WORK REQUEST
An exact copy of the lines from the one containing "this 1345×896 image." to the end of the records below is required, and nothing else.

[Stored dataset items]
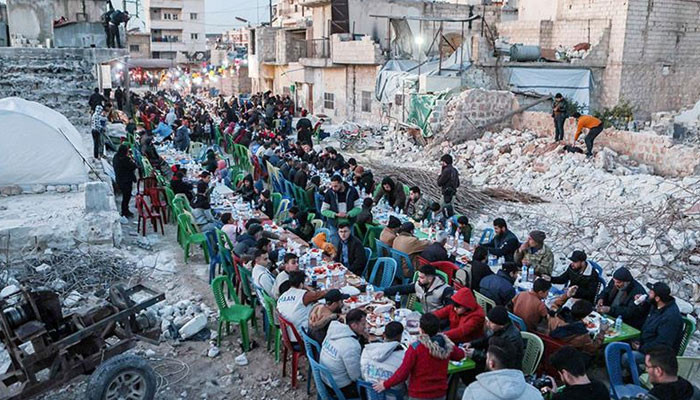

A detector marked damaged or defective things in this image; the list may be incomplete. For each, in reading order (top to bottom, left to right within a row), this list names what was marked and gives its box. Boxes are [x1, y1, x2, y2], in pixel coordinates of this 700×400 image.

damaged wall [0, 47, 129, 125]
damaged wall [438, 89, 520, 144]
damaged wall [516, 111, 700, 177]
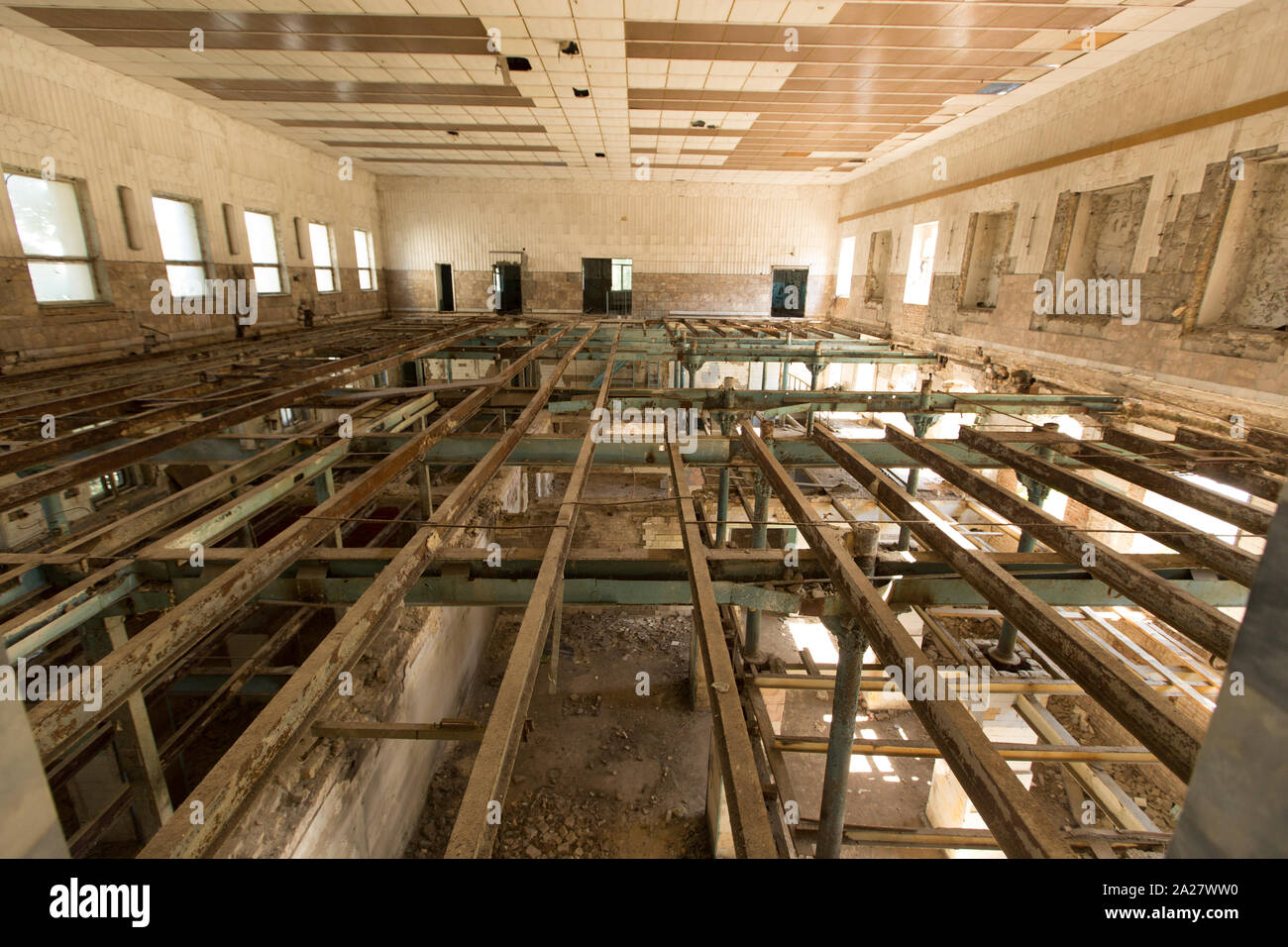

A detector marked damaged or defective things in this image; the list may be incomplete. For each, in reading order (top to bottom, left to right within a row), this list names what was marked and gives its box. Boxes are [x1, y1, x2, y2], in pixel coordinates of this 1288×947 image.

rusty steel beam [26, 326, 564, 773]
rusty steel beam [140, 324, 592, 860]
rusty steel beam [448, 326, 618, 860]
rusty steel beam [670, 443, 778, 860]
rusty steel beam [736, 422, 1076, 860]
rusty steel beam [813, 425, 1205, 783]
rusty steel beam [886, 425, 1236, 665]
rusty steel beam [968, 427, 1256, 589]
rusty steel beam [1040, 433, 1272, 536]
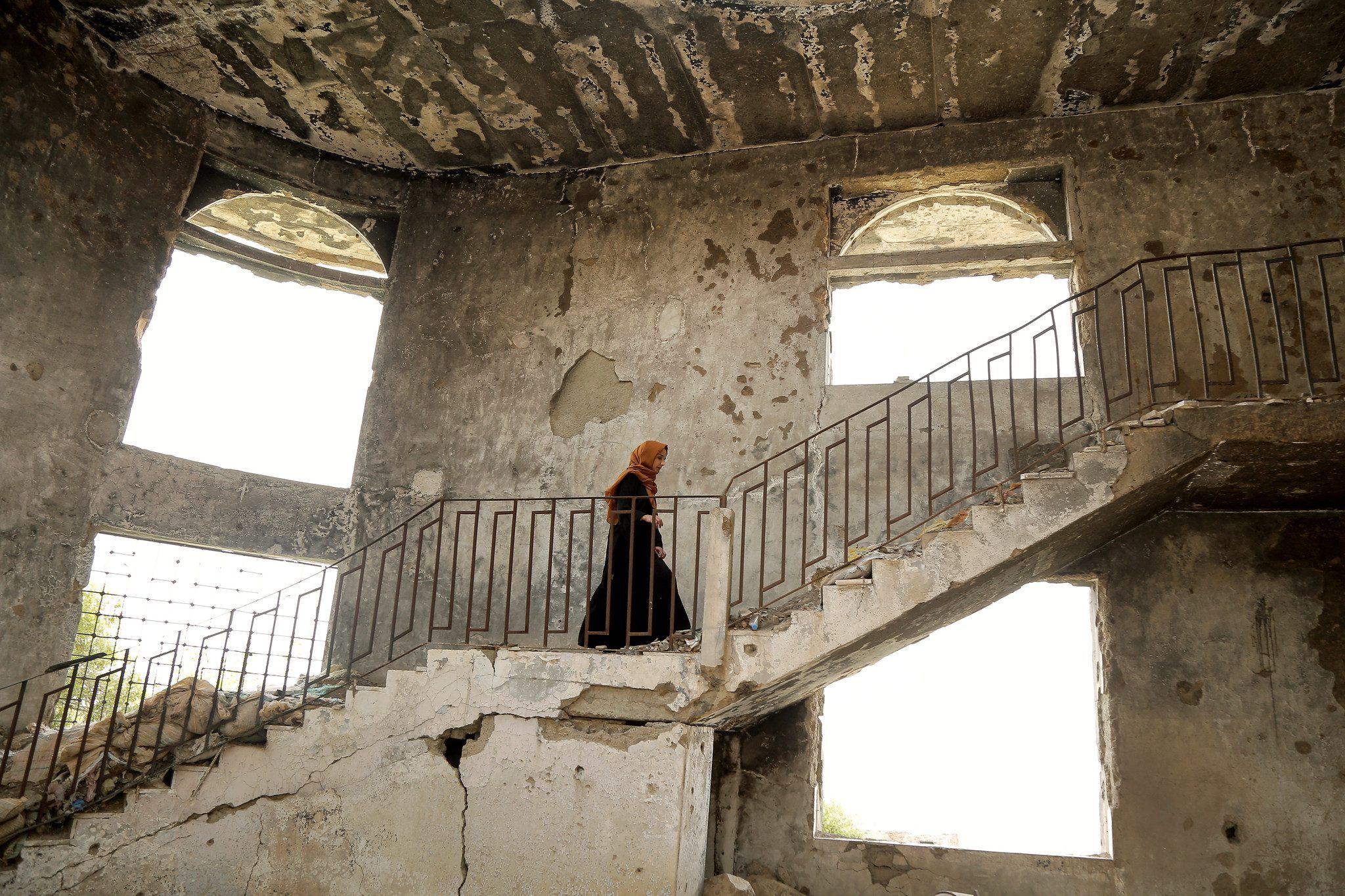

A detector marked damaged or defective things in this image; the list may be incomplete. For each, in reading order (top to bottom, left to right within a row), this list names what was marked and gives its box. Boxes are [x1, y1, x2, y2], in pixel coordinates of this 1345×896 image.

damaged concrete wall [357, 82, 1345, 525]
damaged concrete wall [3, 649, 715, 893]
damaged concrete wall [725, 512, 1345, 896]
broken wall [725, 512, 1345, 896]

TASK RESPONSE
A detector marked damaged or defective things in this image; the list may be incomplete. For each, in reading order (top to bottom, left to right within a row), this list names what was marked and gives its box. Boxes are [x1, y1, x2, y2], in pixel coordinates of this 1345×896 image.

damaged concrete wall [357, 82, 1345, 525]
damaged concrete wall [3, 649, 715, 893]
damaged concrete wall [725, 512, 1345, 896]
broken wall [725, 512, 1345, 896]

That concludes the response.